Last week, the Antarctic Circumnavigation Expedition (ACE) was officially launched at Trinity House in London. The expedition is the first project of the Swiss Polar Institute, which aims “to enhance international relations and collaboration between countries, as well as to spark the interest of a new generation of young scientists and explorers in polar research”.
The entire cruise will take place aboard the Akademik Treshnikov, a Russian research vessel chartered by the expedition organisers. The Tresnikov is due to set sail from Cape Town on 20 December. From there, it will head to the sub-Antarctic Prince Edward Islands, marking the beginning of its circumnavigation of Antarctica. The expedition will return to Cape Town on 19 March.

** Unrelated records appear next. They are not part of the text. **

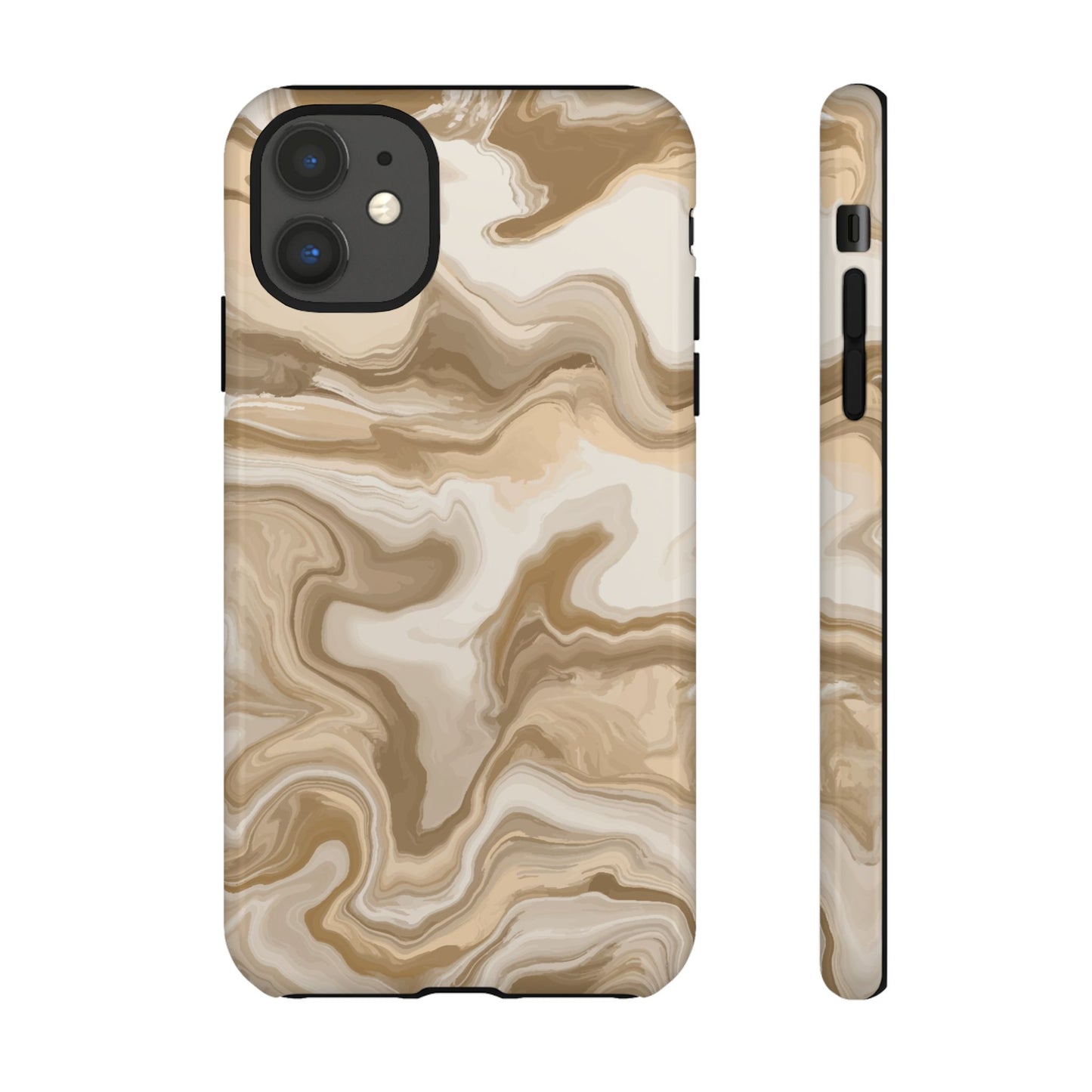 Serene - iPhone Tough Case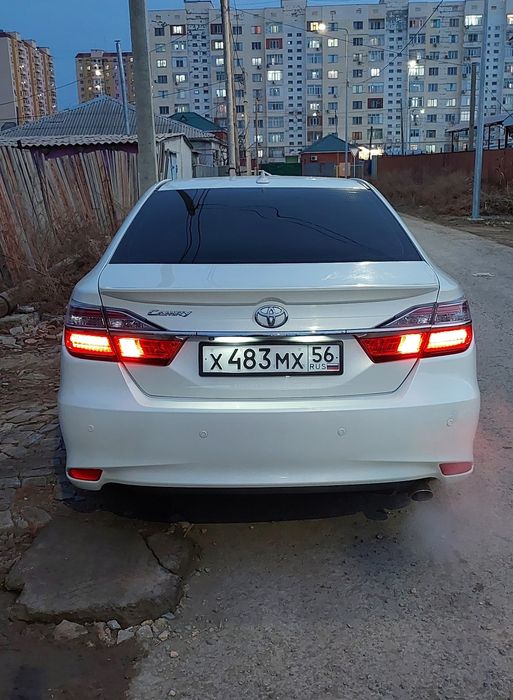 Продам Тойоту Камри 55 Европеец.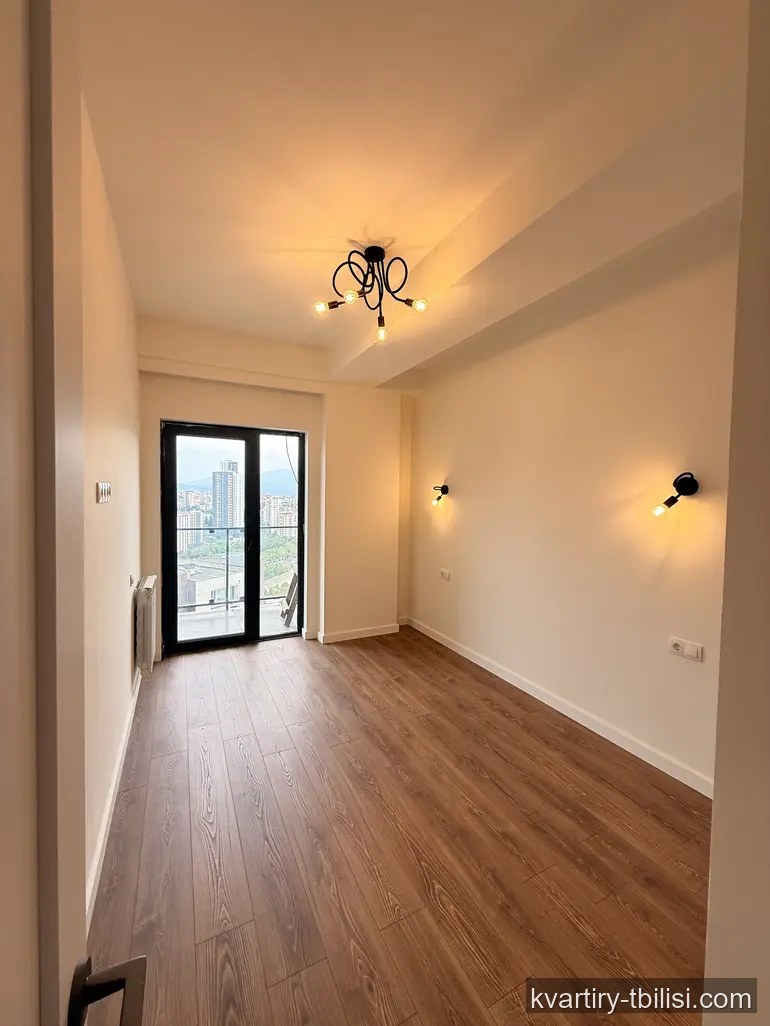 Трёхкомнатная квартира в Дидубе — 143 990 USD | Tbilisi Homes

Scientific teams have been drawn from across the world, with more than thirty countries represented. The United Kingdom’s participation is significant. David Walton, an Emeritus Professor at the British Antarctic Survey is coordinating all of the science. BAS scientists are also leading two projects (to evaluate carbon storage capacity in seabed organisms, and to examine ice cores taken from sub-Antarctic islands). Other projects are being led by scientists from the University of St Andrews and Northumbria University. In all, eighteen UK research institutes and other organisations are involved in at least one of the expedition’s twenty-two projects.

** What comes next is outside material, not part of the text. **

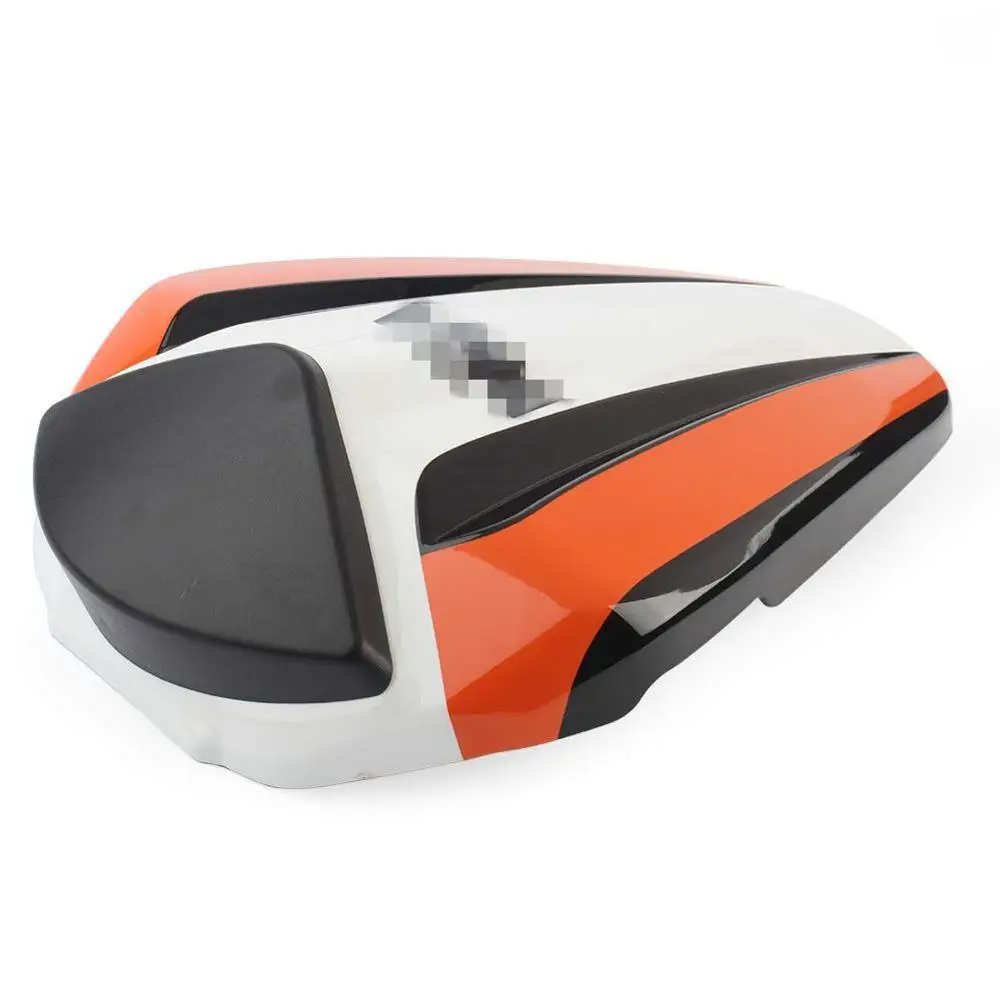 Для KTM Duke 125 200 390 KTM125 KTM200 KTM390 2012 2013 карбоновая крышка заднего сиденья капот Solo Cowl задний
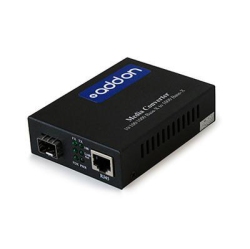 HP Add-Mgmc-Sfp 1GBs 1 Rj-45 to 1 Sfp Media (Add-Mgmc-Sfp)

The significance of the expedition should not be in any doubt. As Professor Walton put it during the launch, “many scientific expeditions have investigated regions of the Southern Ocean over the past 100 years, providing partial insights into its functioning and importance. In ACE, for the first time, we will get a picture of the whole ocean in summer as well as of the roles played by the many islands in ecosystem growth and evolution”.
The launching of the ACE was part of a big week for UK polar science. Prior to the launch in London, the UK polar community was celebrating the laying of the keel for the RRS Sir David Attenborough, a new state of the art polar research ship being built by the Merseyside shipbuilders, Cammell Laird. The ship, costing c. £200million, which will take around two years to build, will help maintain the UK’s position in the vanguard of polar science from 2019 onwards.